----- Data to use

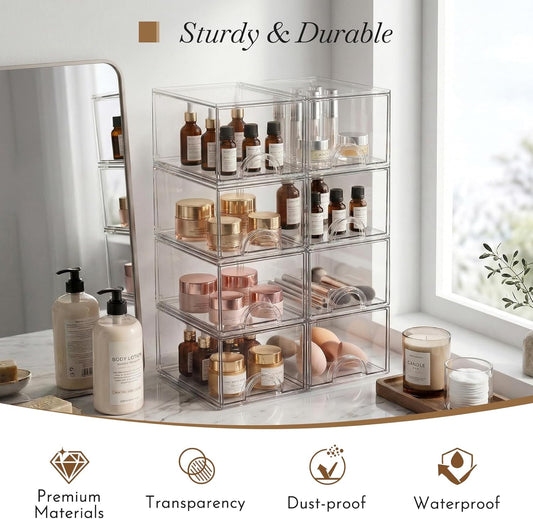 8 Pack Clear Stackable Acrylic Storage Boxes Storage Drawers, Storage Organizer, Clear Plastic Makeup Organizer, Ideal for Vanity, Cabinet, Desk Organization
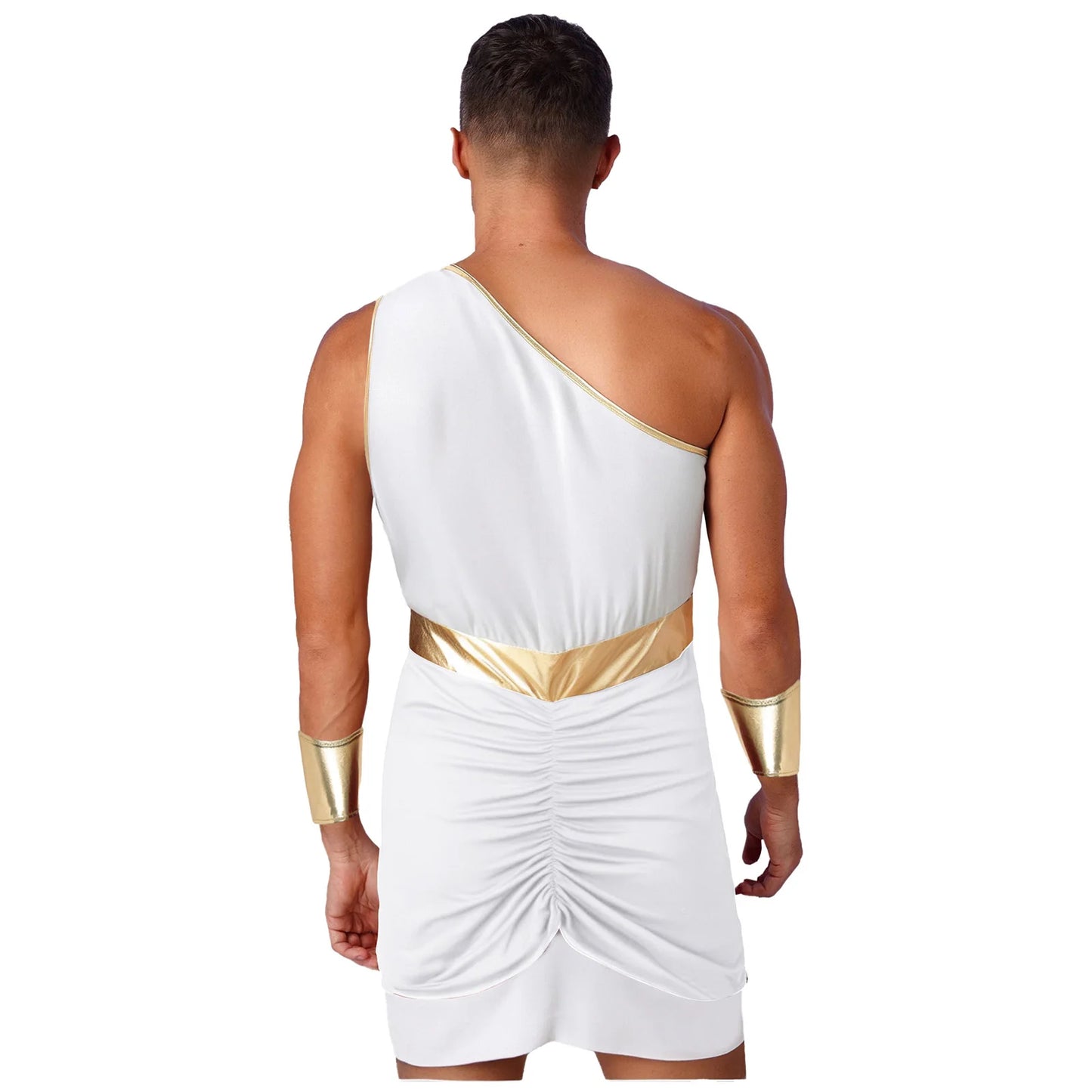 Men’s Ancient Greek & Egyptian Pharaoh Cosplay Costume – Metallic Shiny Toga Robe with Sleeves for Halloween & Roleplay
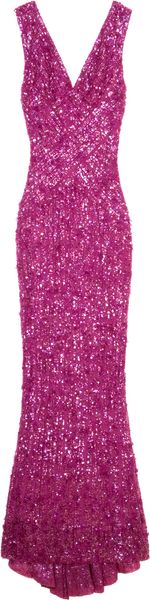Elie Saab V Neck Sequin and Raw Chiffon Gown - Lyst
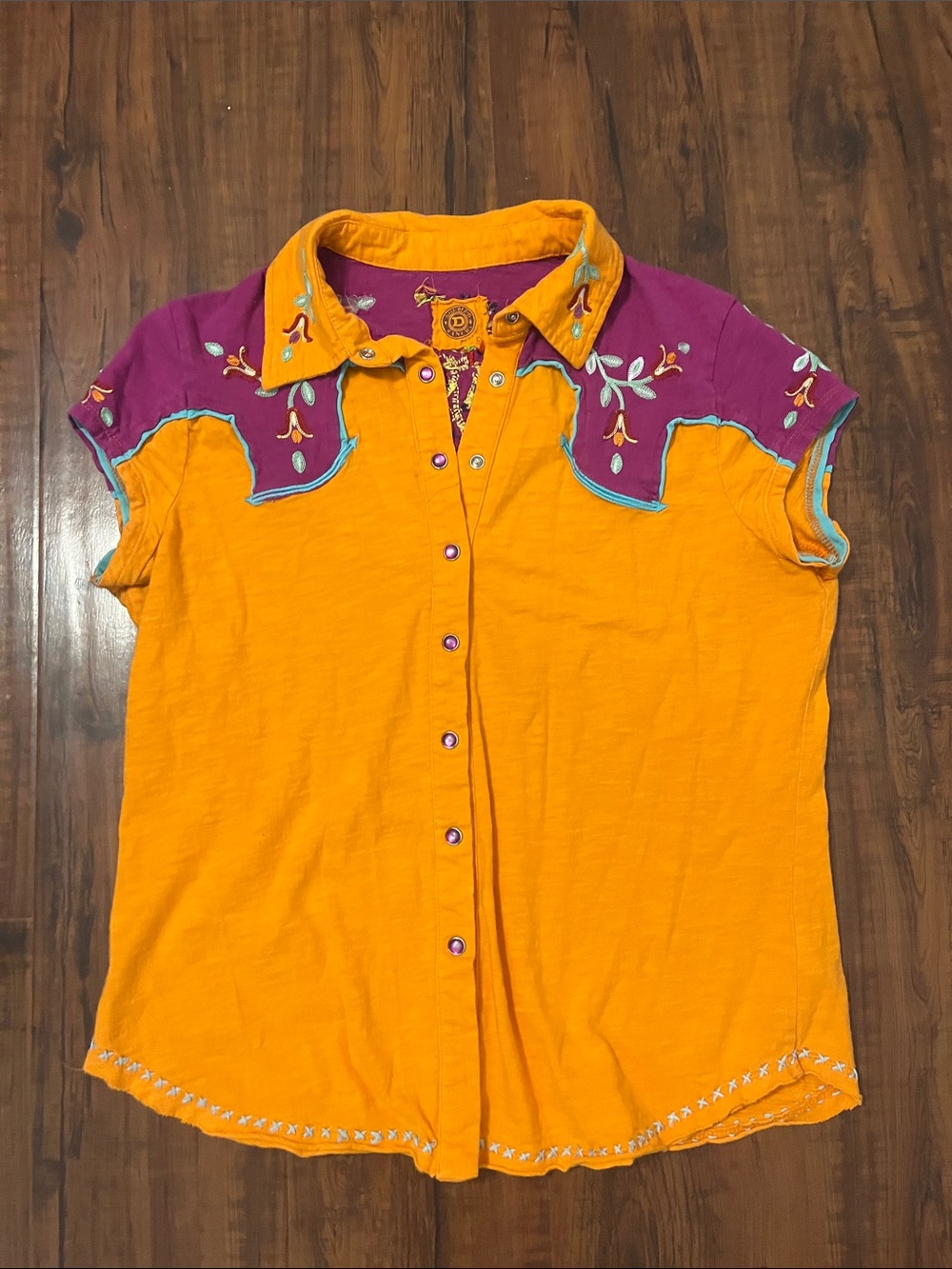 Double D Ranch cap sleeve blouse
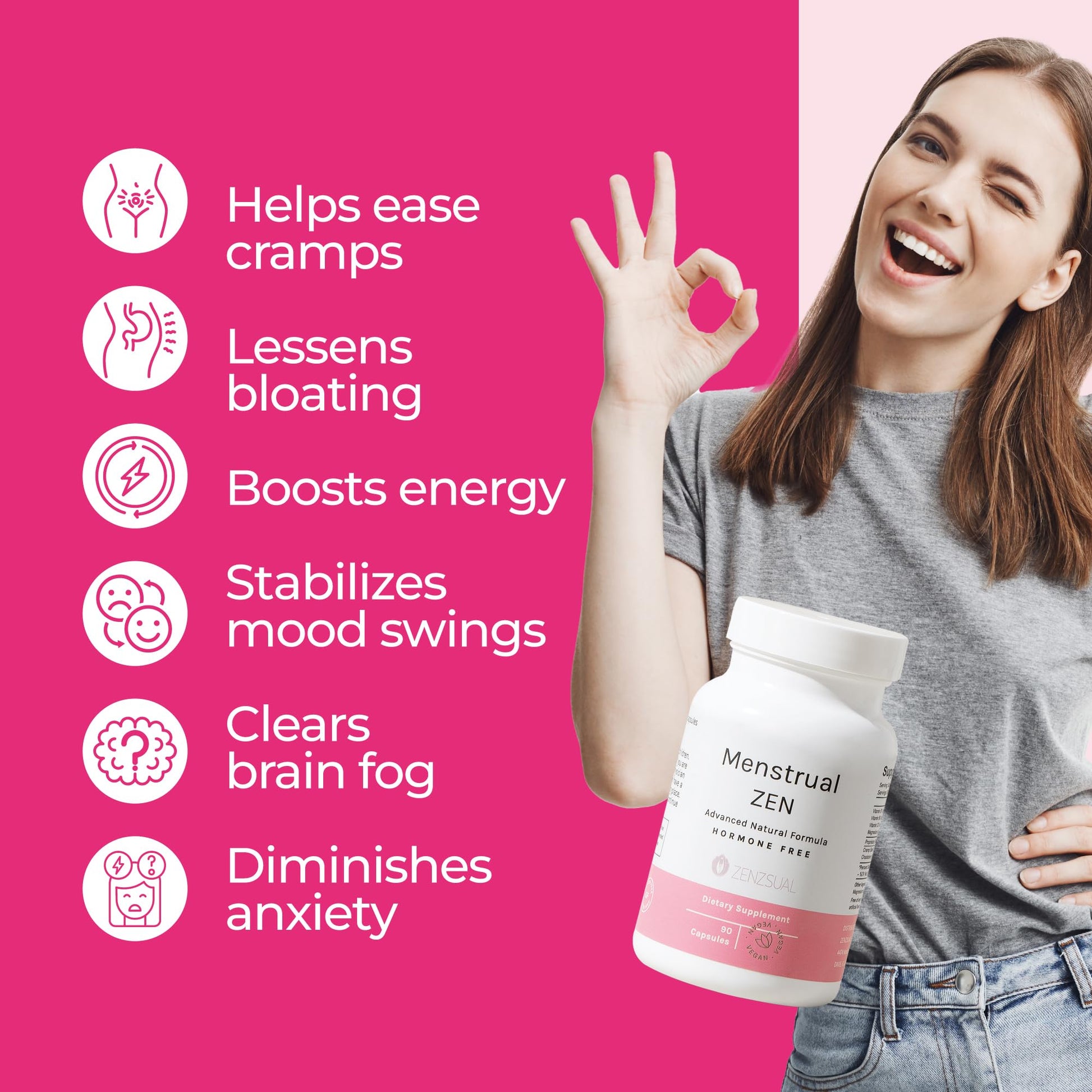 ZENZSUAL Menstrual Zen Natural and Hormone-Free Supplement – Support for Menstrual Cramps, Mood Swings and Period Pain – Diuretic Effect (90 Capsules / 2.7 Oz) - Maple Wellness Supplements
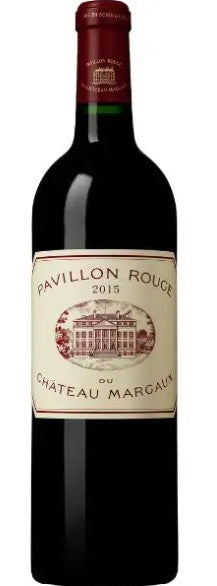 Red wine bottle with a visible label on a white background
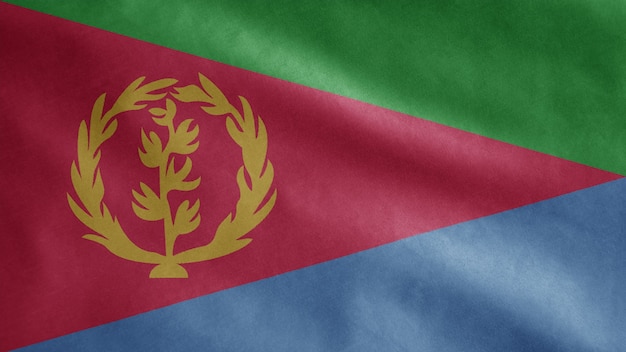 Eritrean waving flag in the wind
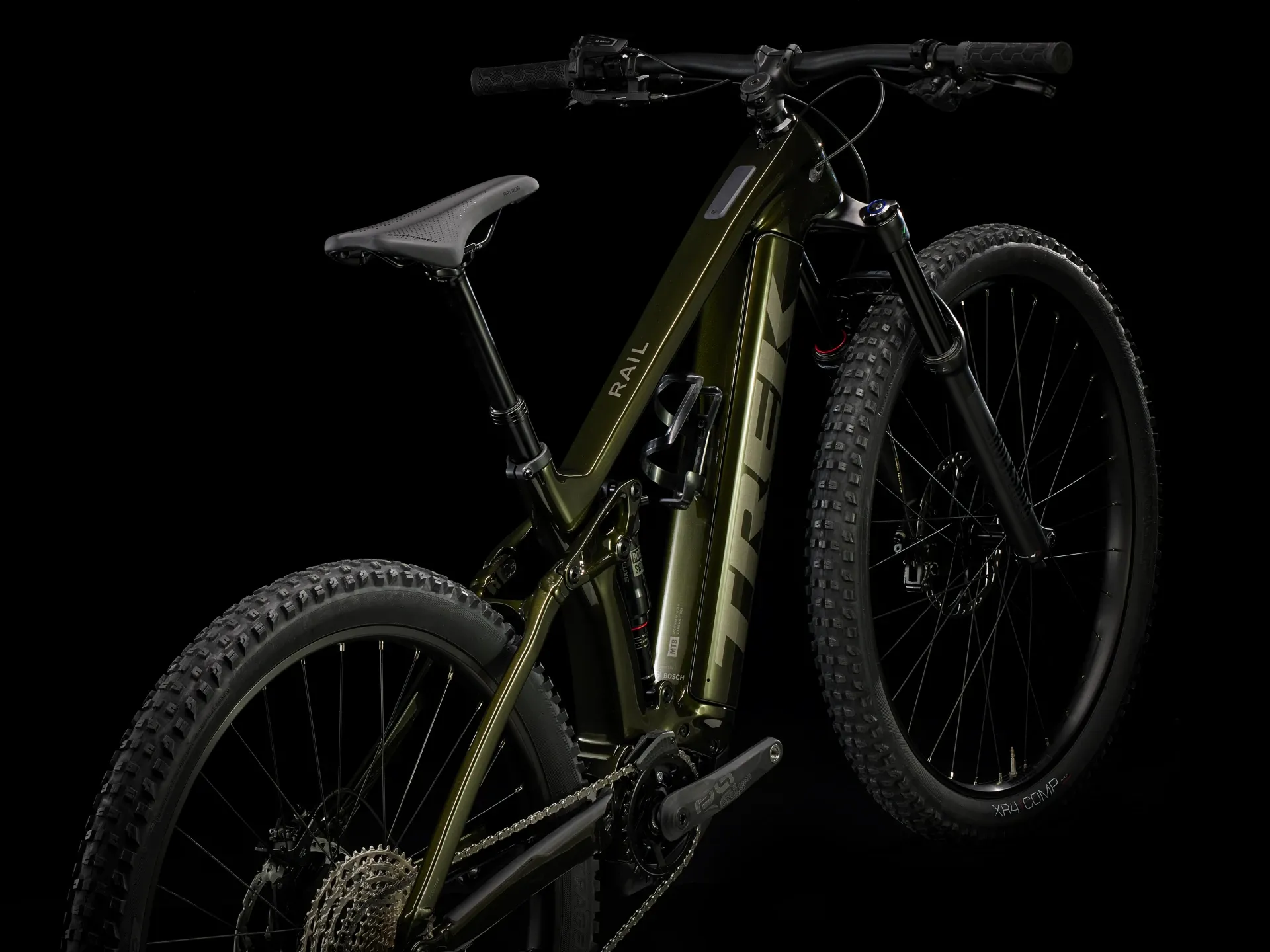 TREK Rail 9.5 750Wh Gen 4 Electric Mountain Bike in Black Olive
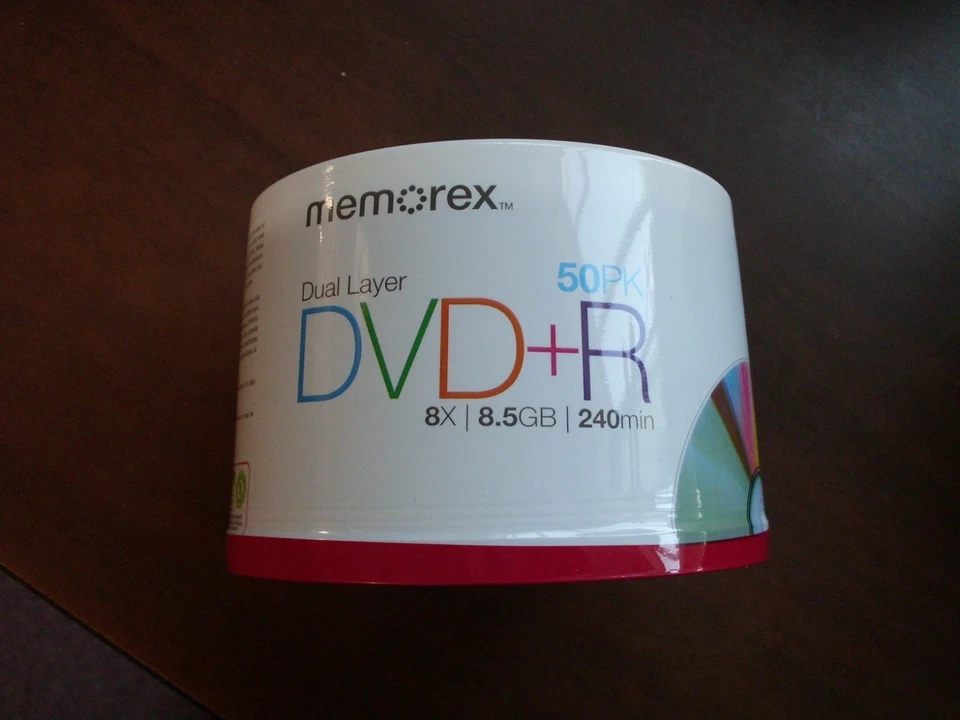 New Memorex 8.5 GB 8 X Double Dual Layer DVD+R 50 Pack Spindle 50 Discs 240 Min - Image 1 of 1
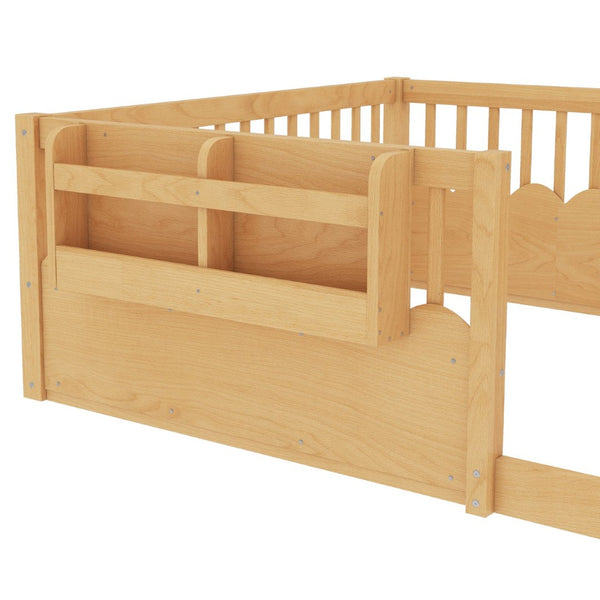 English Elm Twin Low Profile Kids Floor Bed Pine Wood Frame with Safety Rail and Built in Bookshelf Natural W1580P373141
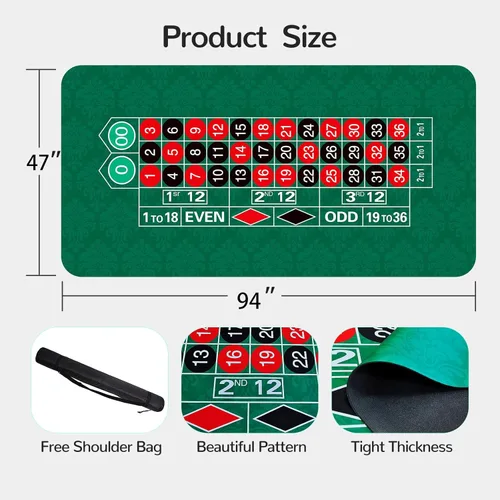 Miniatura 3 de Tapete de póquer con alfombrilla de póquer, cubierta de goma antideslizante para mesa de juego de ruleta, tapete de póquer con bolsa de transporte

----------

The stretch above running from the line with "Double D Ranch cap sleeve blouse" through the line with "TREK Rail 9.5" is all you should copy, exactly, leaving out the pictures.

 Double D Ranch cap sleeve blouse
 ZENZSUAL Menstrual Zen Natural and Hormone-Free Supplement – Support for Menstrual Cramps, Mood Swings and Period Pain – Diuretic Effect (90 Capsules / 2.7 Oz) - Maple Wellness Supplements
 Red wine bottle with a visible label on a white background
 Eritrean waving flag in the wind
 TREK Rail 9.5 750Wh Gen 4 Electric Mountain Bike in Black Olive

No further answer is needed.